Los novios se colocaron de espaldas a los asistentes. ¿Conoce usted a alguien que le invite a un acontecimiento importante y le dé la espalda?. Los contrayentes acuden ante el altar de la iglesia del brazo de los padrinos, que suelen ser sus padres. Este gesto me retrotrajo a los tiempos en los que los matrimonios los concertaban los padres, y por lo tanto eran ellos los encargados de hacer cumplir el compromiso que se había adquirido con los otros padres.

Esa impresión aumentó por el hecho de que la novia iba con la cara tapada y solo se destapó cuando se hizo expreso el compromiso. Afortunadamente los novios actuales acuden a la boda con muchos más conocimientos de su pareja, pues imagínate la cara que se te quedaría si el gusto de tus padres no coincide con el tuyo. Por fin se entregaron las arras, los dineros que los padres habían acordado aportar como dote.

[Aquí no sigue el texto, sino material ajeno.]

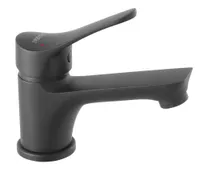 VALAMUSEGISTI FERRO PETITE BPT2BL, MUST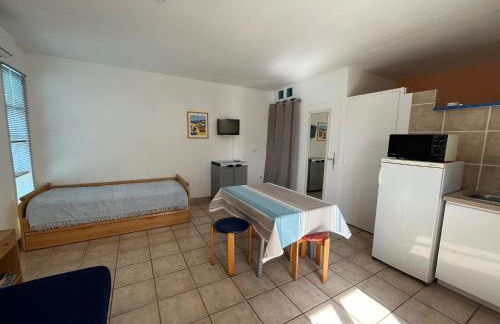 Barcarès Beach Rental - Photo 17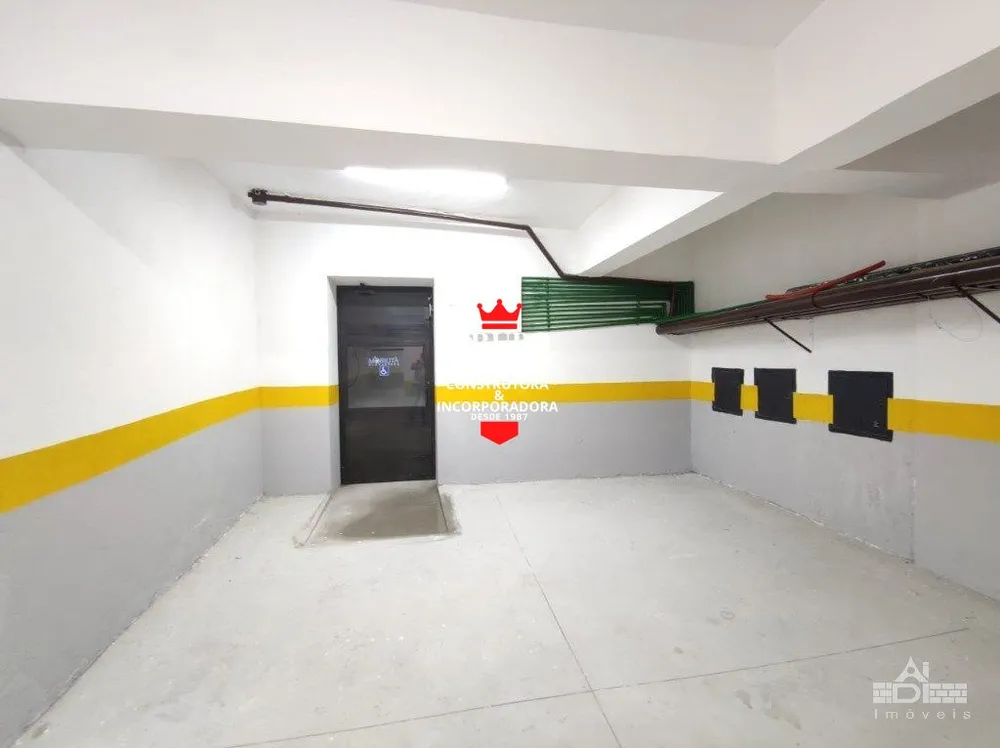 Apartamento, 1 quarto, 25 m² - Foto 16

Lo único que estaba al día era la homilía, pues el celebrante de la ceremonia no cejó en su empeño de lanzar fieras diatribas contra el matrimonio gay y contra los divorcios y de acordarse de la asignatura de religión. ¿Es eso lo que recomienda la fe que se les diga a unos novios creyentes?. ¿No sería conveniente que se les iluminara creencialmente para tratar de sacar adelante una empresa que se ha demostrado tan ardua?.

Naturalmente, la mayoría de los presentes en la ceremonia no tenían conciencia de que estaban ante la celebración de un sacramento. Estaban en una reunión social.